Demographics and testing characteristics among patients who received a COVID‐19 test within the first 14 days of testing
| Demographics and testing | SARS‐CoV‐2 positive, N = 51; n (%) | SARS‐CoV‐2 negative, N = 537; n (%) | All SARS‐CoV‐2 tests, N = 588; n (%) |
|---|---|---|---|
| Age group | |||
| <18 | 0 (0.0) | 2 (0.3) | 2 (0.3) |
| 18–64 | 44 (86.3) | 438 (81.6) | 482 (82.0) |
| 65+ | 7 (13.7) | 97 (18.1) | 104 (17.7) |
| Sex | |||
| Male | 29 (56.9) | 265 (49.3) | 294 (50.0) |
| Female | 22 (43.1) | 272 (50.7) | 294 (50.0) |
| Influenza A/B test | 42 (82.4) | 458 (85.3) | 500 (85.0) |
| RPNA test | 27 (52.9) | 326 (60.7) | 353 (60.0) |
| Influenza A/B or RPNA test | 46 (90.2) | 494 (92.0) | 540 (91.8) |
| Testing | |||
| SARS‐CoV‐2 only | 5 (9.8) | 43 (8.0) | 48 (8.2) |
| SARS‐CoV‐2 and influenza | 19 (37.3) | 168(31.3) | 187 (31.8) |
| SARS‐CoV‐2 and RPNA | 4 (7.8) | 36 (6.7) | 40 (6.8) |
| SARS‐CoV‐2, influenza, and RPNA | 23 (45.1) | 290 (54.0) | 313 (53.2) |
COVID‐19, coronavirus disease 2019; RPNA, upper respiratory pathogen nucleic acid detection.

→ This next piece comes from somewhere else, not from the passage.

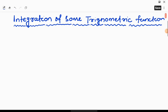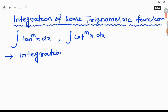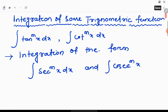Hello everyone. We are going to talk about integration of the form tan x whole to the power m dx, and integration of the form cot x whole to the power m dx. Next type: integration of the form sec x whole to the power m dx, and integration of cosec x whole to the power m dx.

Only 1 of the patients positive for SARS‐CoV‐2 also simultaneously tested positive for any other coinfection. The case was an otherwise healthy 21‐year‐old male who returned to the United States from Italy 9 days earlier. He presented with 3 days of cough, congestion, and fever. He tested positive for both SARS‐CoV‐2 and influenza A by nucleic acid amplification.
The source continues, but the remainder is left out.